A Revolta PROVOS

A Holanda é mundialmente reconhecida por sua extrema tolerância político-social. O que não é muito conhecido, no entanto, é a íntima relação entre a Holanda e o movimento que entrou para a História com o nome de “Contracultura”, que em 2011 completa meio século.

Sempre que alguém faz referências à contracultura, os nomes que mais aparecem, com justiça, são: Ginsberg, Kerouac, Leary, Burroughs, Bob Dylan, Beatles e alguns outros. Poucos, entretanto, se lembram de citar o Provos, que foi um movimento que surgiu em Amsterdã, em julho 1965, existiu até maio de 1967 e é considerado um dos precursores da contracultura européia.

Apesar de publicar um panfleto de crítica social e política, o movimento se tornou mais conhecido devido ao plano das Bicicletas Brancas, que eram espalhadas pela cidade de Amsterdã e podiam ser usadas livremente, como uma forma pioneira de protesto ecológico contra os males causados pelo crescente uso de automóveis.
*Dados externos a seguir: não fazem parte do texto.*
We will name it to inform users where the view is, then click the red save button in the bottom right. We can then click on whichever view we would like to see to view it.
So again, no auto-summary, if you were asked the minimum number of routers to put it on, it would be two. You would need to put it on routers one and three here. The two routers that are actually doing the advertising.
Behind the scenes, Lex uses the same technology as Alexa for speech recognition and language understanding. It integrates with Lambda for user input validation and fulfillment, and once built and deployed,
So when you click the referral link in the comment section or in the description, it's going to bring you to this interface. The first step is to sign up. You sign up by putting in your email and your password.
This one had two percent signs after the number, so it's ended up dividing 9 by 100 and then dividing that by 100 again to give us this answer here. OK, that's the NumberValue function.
Mas a revolta Provos (de provocar, provocação) foi muito mais ampla, proporcionando uma experiência que merece ser conhecida por todos os que estudam e se interessam pela contracultura. Entre os seus “líderes”, encontra-se o jovem Robert Grootveld, que herdara do pai anarquista o inconformismo contra o “stablishment” e cujo primeiro ato foi um protesto antifumo muito original: ao invés de parar de fumar, ele, que era fumante, intensifica o ato de fumar e sai pelas ruas escrevendo a palavra “Kanker” (câncer) nos cartazes publicitários de cigarro. Esta atitude e a afirmação de que para dar caça aos consumidores de “erva”, o Estado se valia de notórios consumidores de nicotina (os policiais), lhe renderam alguns processos por parte dos fabricantes de cigarros e algumas prisões.
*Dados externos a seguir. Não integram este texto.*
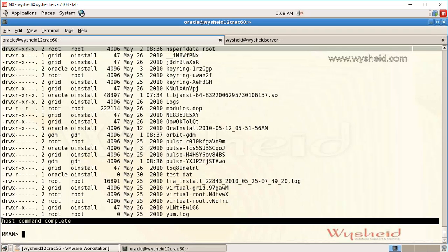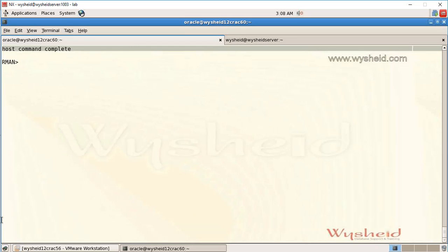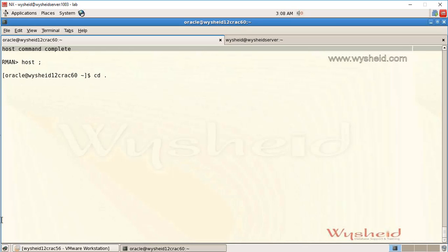To clear the screen I can issue the command 'host' with single quotes 'clear'. Now to execute multiple commands, I'll give 'host' followed by a semicolon, which drops me to the operating system command prompt. There I can give commands like 'cd /tmp' to go to the temp directory, then 'ls -lt*' to list files.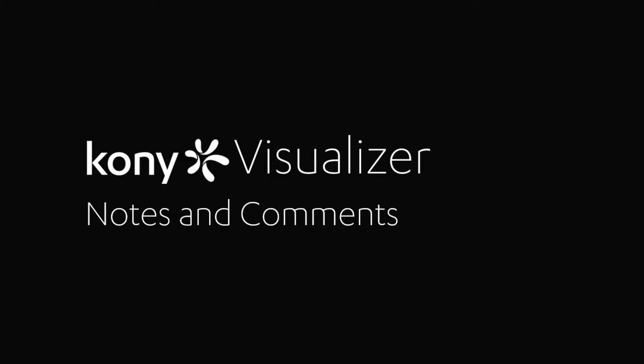This tutorial will introduce the concept of notes and comments in Visualizer 7. Notes and comments in Visualizer are features that promote collaboration between designers, peers, and stakeholders by providing the capability to document feedback within the application.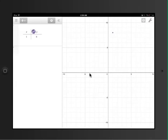And that's pretty much the functions of the Desmos graphing calculator app.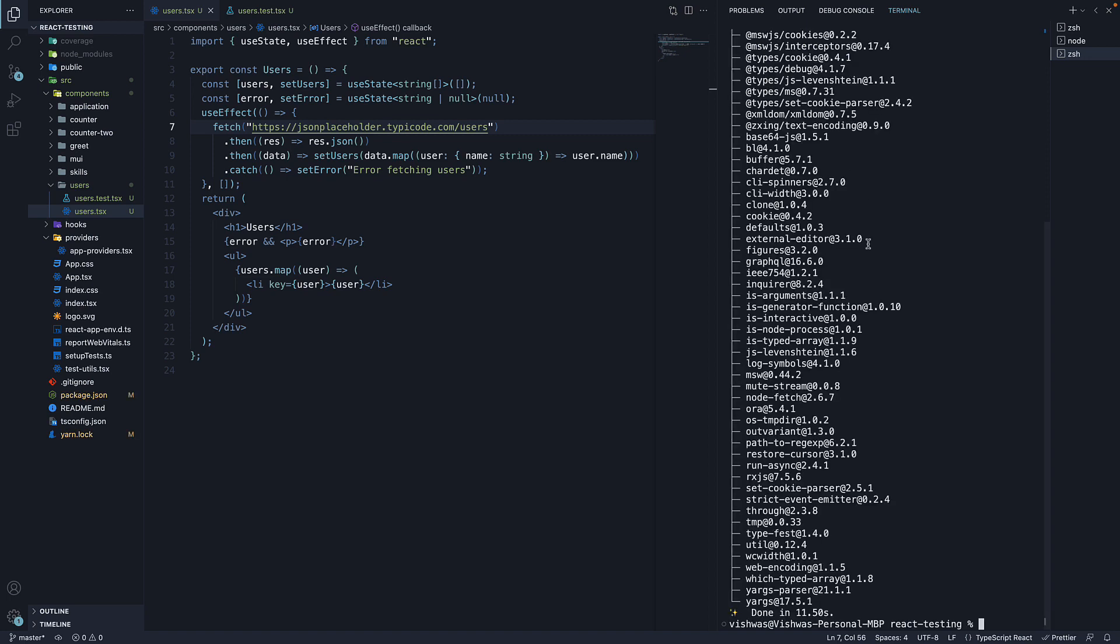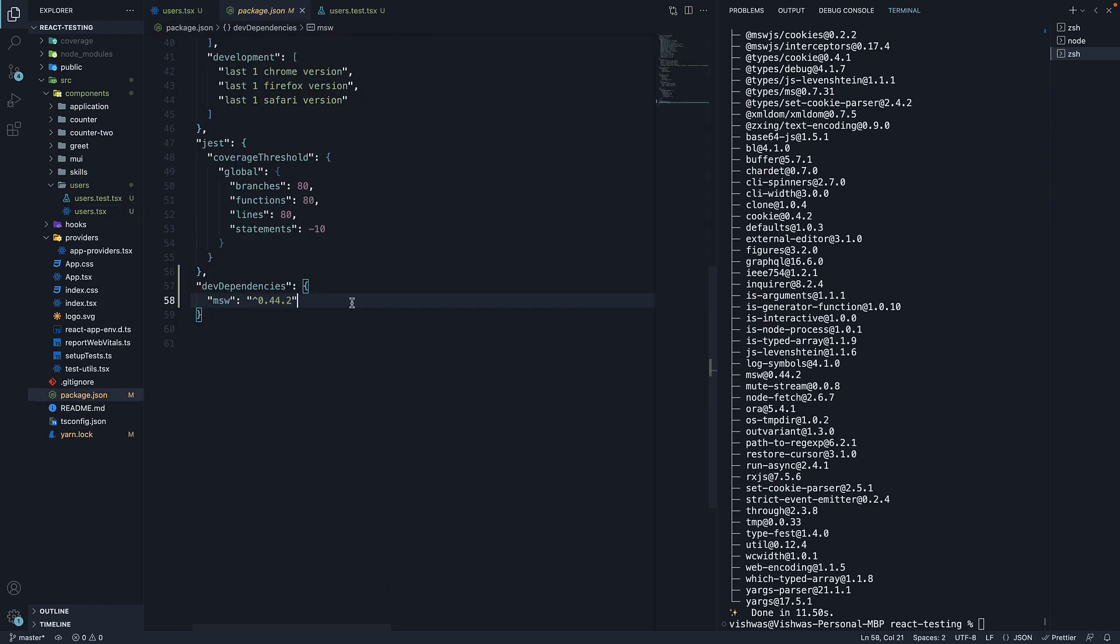Once the installation completes, you should see msw listed as a dev dependency.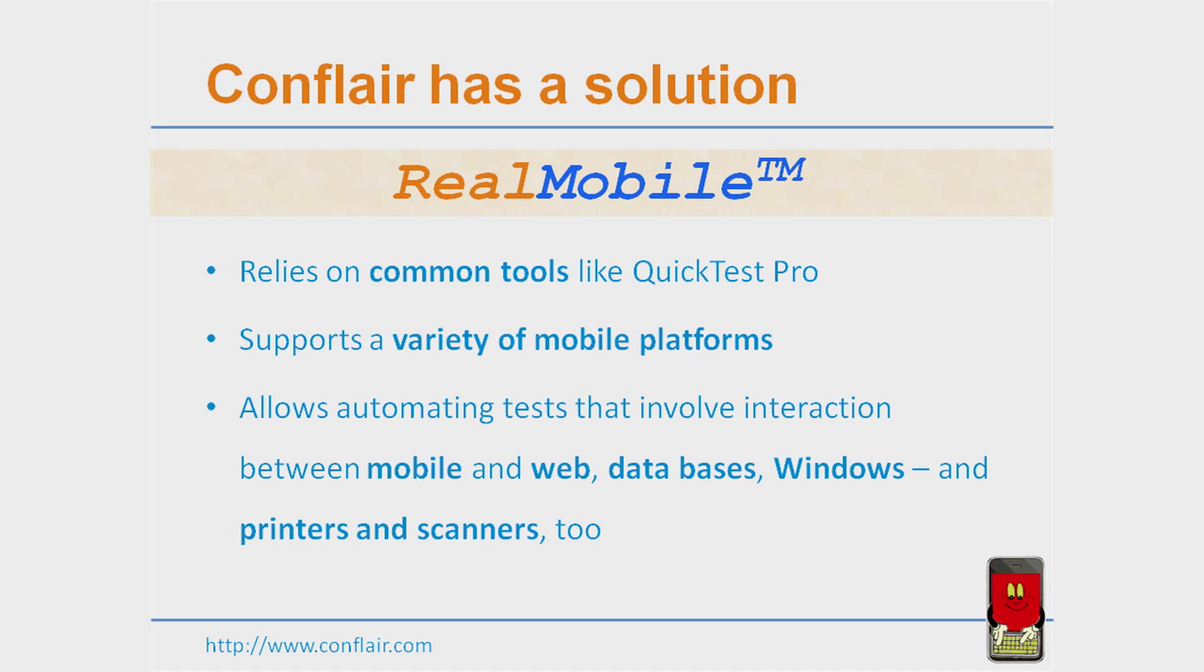Second, we support a variety of mobile platforms: Windows Mobile, iPhone, iPad, Android, Blackberry, and many more.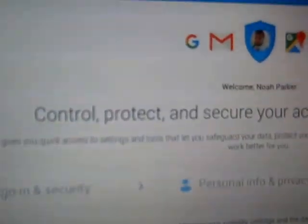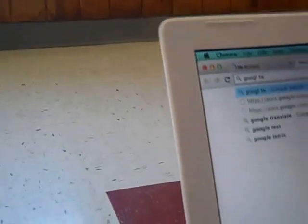You can open up a new tab and search Google Docs. Then you click on the first one that pops up.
Foi do encontro entre Grootveld e Roel Van Duijn, um ex-ativista do movimento antinuclear, ex-estudante de filosofia e inconformado ideólogo anarquista, que surgiu o Provos, em julho de 1965. O primeiro “manifesto” Provo continha afirmações como: “o movimento contra a bomba meteu-se num beco sem saída”, “nossa opinião é a de que a dissidência não-violenta poderá ser valiosa”, “esta sociedade capitalista está se sufocando sozinha”, “esta sociedade militarista está cavando seu próprio túmulo, fabricando paranóicas bombas atômicas” e “o PROVO reconhece no anarquismo uma fonte de inspiração. PROVO quer renovar o anarquismo e levá-lo aos jovens”.

Creio que seja importante lembrar que a palavra “anarquia” significa ausência de coerção e não, necessariamente, ausência de ordem. Para a ausência de ordem e de objetivos políticos e sociais, o termo mais adequado é “anomia”.
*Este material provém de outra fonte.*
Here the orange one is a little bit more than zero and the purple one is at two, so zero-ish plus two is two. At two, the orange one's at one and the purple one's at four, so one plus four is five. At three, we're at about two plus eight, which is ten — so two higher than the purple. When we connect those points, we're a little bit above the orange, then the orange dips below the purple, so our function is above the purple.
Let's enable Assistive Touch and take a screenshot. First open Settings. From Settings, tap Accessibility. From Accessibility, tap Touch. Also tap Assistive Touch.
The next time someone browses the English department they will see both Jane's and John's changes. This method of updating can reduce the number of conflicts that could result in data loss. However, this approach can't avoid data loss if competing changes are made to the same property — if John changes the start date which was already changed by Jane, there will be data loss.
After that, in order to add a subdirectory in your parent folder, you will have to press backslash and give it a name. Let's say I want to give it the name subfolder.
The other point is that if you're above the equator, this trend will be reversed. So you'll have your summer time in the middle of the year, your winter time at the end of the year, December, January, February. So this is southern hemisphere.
Para distribuir os jornais (panfletos) o grupo utilizava vários métodos, o mais famoso era esconder os panfletos entre as folhas das principais publicações da cidade, principalmente do jornal de direita “De Telegraaf”. Para tal, contavam com a colaboração de simpatizantes do movimento que trabalhavam nas bancas, sendo que alguns destes viriam a perder os seus empregos.

O Provos protestava contra tudo e conseguiu, apesar de sua breve existência, alguns triunfos. Em 1966, o movimento elegeu um membro para a Câmara de Vereadores de Amsterdã, o jovem Bernhard De Vries, que ia para as sessões vestido de branco, com os pés descalços e iniciando as suas intervenções sempre com um arroto.

Outro episódio interessante envolvendo o Provos foi o fato de ser o único grupo a fazer um manifesto público em defesa de John Lennon, e dos Beatles, após a violenta reação de grupos religiosos (principalmente nos EUA) devido à declaração de Lennon, de que os Beatles eram mais famosos do que Jesus Cristo. Os membros do Provos não só entenderam que as palavras de Lennon foram mal interpretadas, como também perceberam o perigo potencial naquele ato de queimar os discos do grupo inglês. (ver http://paginacultural.com.br/artigos/sobre-uma-declaracao-de-lennon/).

No texto “Liberation from the affluent society”, o filósofo alemão Herbert Marcuse, considerado por muitos como um dos “gurus” da contracultura, cita o Provos, como exemplo de movimento que continha um elemento político inerente.

Retomando as palavras com as quais iniciei o presente texto, reforço o fato de que mesmo com todo o seu caráter anárquico e inovador, o Provos não é tratado historicamente com toda a atenção que merece. A revista Cult (Edição 152, Editora Bregantini – São Paulo), por exemplo, publicou recentemente um excelente dossiê sobre a Contracultura no qual o Provos sequer é citado.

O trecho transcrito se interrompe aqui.